### Work required
Each line from the one that contains "Nage dans les" to the end of the material must be set down exactly, and no line before it.

### Information supplied

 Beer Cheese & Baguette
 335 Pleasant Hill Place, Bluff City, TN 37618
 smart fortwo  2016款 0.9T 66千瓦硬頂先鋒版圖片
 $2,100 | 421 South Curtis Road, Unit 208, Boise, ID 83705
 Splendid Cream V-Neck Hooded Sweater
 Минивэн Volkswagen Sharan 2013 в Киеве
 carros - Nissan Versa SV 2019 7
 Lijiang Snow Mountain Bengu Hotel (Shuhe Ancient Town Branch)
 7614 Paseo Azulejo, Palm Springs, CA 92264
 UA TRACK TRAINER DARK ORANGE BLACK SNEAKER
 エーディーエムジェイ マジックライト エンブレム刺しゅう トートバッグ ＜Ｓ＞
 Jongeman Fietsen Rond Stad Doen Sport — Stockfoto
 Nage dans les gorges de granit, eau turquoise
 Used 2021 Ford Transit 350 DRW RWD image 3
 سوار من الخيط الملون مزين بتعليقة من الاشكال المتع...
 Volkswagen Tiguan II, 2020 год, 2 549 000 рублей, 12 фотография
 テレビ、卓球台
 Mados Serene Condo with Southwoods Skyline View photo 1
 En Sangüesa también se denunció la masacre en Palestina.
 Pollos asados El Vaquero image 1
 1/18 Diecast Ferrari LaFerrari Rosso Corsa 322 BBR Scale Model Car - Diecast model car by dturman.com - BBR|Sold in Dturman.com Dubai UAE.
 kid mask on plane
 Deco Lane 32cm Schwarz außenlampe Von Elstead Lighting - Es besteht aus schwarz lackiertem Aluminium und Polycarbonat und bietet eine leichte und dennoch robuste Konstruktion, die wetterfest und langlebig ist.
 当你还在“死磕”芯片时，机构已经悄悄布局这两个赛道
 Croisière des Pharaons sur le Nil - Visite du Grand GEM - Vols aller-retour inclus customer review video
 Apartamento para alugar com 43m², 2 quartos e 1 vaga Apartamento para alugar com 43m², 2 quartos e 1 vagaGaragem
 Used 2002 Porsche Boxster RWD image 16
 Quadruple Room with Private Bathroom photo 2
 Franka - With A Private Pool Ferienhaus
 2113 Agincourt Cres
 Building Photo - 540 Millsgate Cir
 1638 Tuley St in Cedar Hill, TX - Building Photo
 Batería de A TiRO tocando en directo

### Result of the task
 Nage dans les gorges de granit, eau turquoise
 Used 2021 Ford Transit 350 DRW RWD image 3
 سوار من الخيط الملون مزين بتعليقة من الاشكال المتع...
 Volkswagen Tiguan II, 2020 год, 2 549 000 рублей, 12 фотография
 テレビ、卓球台
 Mados Serene Condo with Southwoods Skyline View photo 1
 En Sangüesa también se denunció la masacre en Palestina.
 Pollos asados El Vaquero image 1
 1/18 Diecast Ferrari LaFerrari Rosso Corsa 322 BBR Scale Model Car - Diecast model car by dturman.com - BBR|Sold in Dturman.com Dubai UAE.
 kid mask on plane
 Deco Lane 32cm Schwarz außenlampe Von Elstead Lighting - Es besteht aus schwarz lackiertem Aluminium und Polycarbonat und bietet eine leichte und dennoch robuste Konstruktion, die wetterfest und langlebig ist.
 当你还在“死磕”芯片时，机构已经悄悄布局这两个赛道
 Croisière des Pharaons sur le Nil - Visite du Grand GEM - Vols aller-retour inclus customer review video
 Apartamento para alugar com 43m², 2 quartos e 1 vaga Apartamento para alugar com 43m², 2 quartos e 1 vagaGaragem
 Used 2002 Porsche Boxster RWD image 16
 Quadruple Room with Private Bathroom photo 2
 Franka - With A Private Pool Ferienhaus
 2113 Agincourt Cres
 Building Photo - 540 Millsgate Cir
 1638 Tuley St in Cedar Hill, TX - Building Photo
 Batería de A TiRO tocando en directo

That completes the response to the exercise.